Dr. Kathleen Riley with Randolph Medical Associates in Asheboro advises parents not to panic. "Every runny nose, every cough is not pertussis. Pertussis is often accompanied by fever. But what we’re really looking for is a very persistent cough, a barking or a whooping. What they call truly a whooping cough."

Both cases were confirmed Tuesday afternoon around the time that school ended, according to Randolph County School System Public Information Officer Tim Moody.

A letter from the Randolph County Health Department was sent home with every child at the end of the school day on Wednesday, according to the school system.

A phone message was sent to the homes of every child at both schools Tuesday night to alert parents.

Moody said they could not get the letter out Tuesday because the cases were not confirmed until the end of the school day.

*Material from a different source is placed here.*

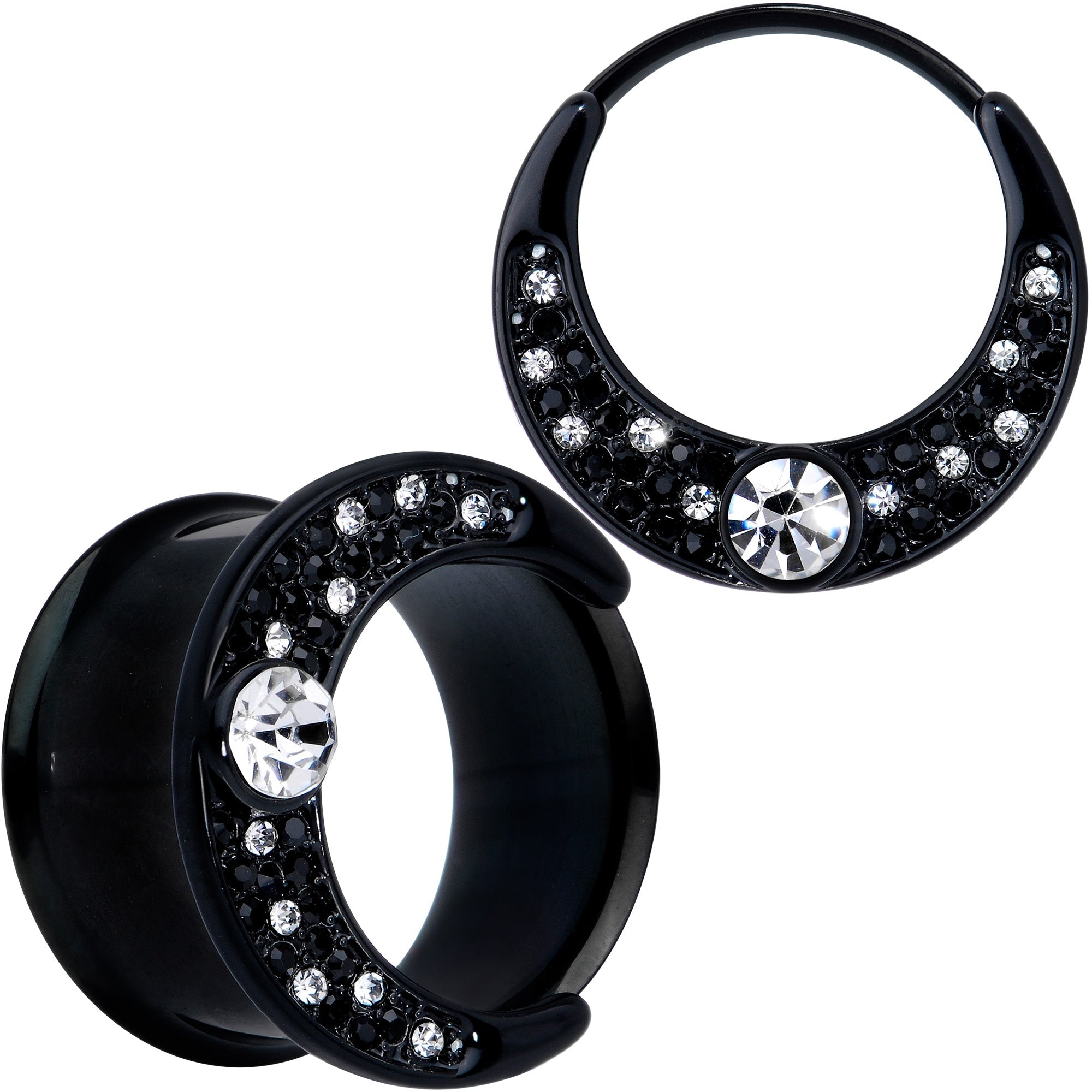 BodyCandy Clear Gem Black Crescent Moon Double Flare Tunnel Plug Set — comparison shot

Pertussis is a highly contagious bacterial disease that causes uncontrollable, violent coughing that may last for weeks. It can live on surfaces such as desks, but it's nearly always spread through direct contact like coughing and sneezing.

"Everybody should cough not into their hands but into the crook of your arms to cover the cough! And not sharing drinks with friends at all," Dr. Riley reminds.

Two Davidson County students were treated for pertussis in May. Wednesday was the vaccination deadline for several school districts in the Piedmont, including Tdap booster vaccines.

Dr. Riley added, "It’s right at the time where everybody had to finally have their shots, but there were probably still a few children who were not immunized yet. So it’s a very delicate time. It’s also a time where kids who were just recently immunized may not have their immunity yet."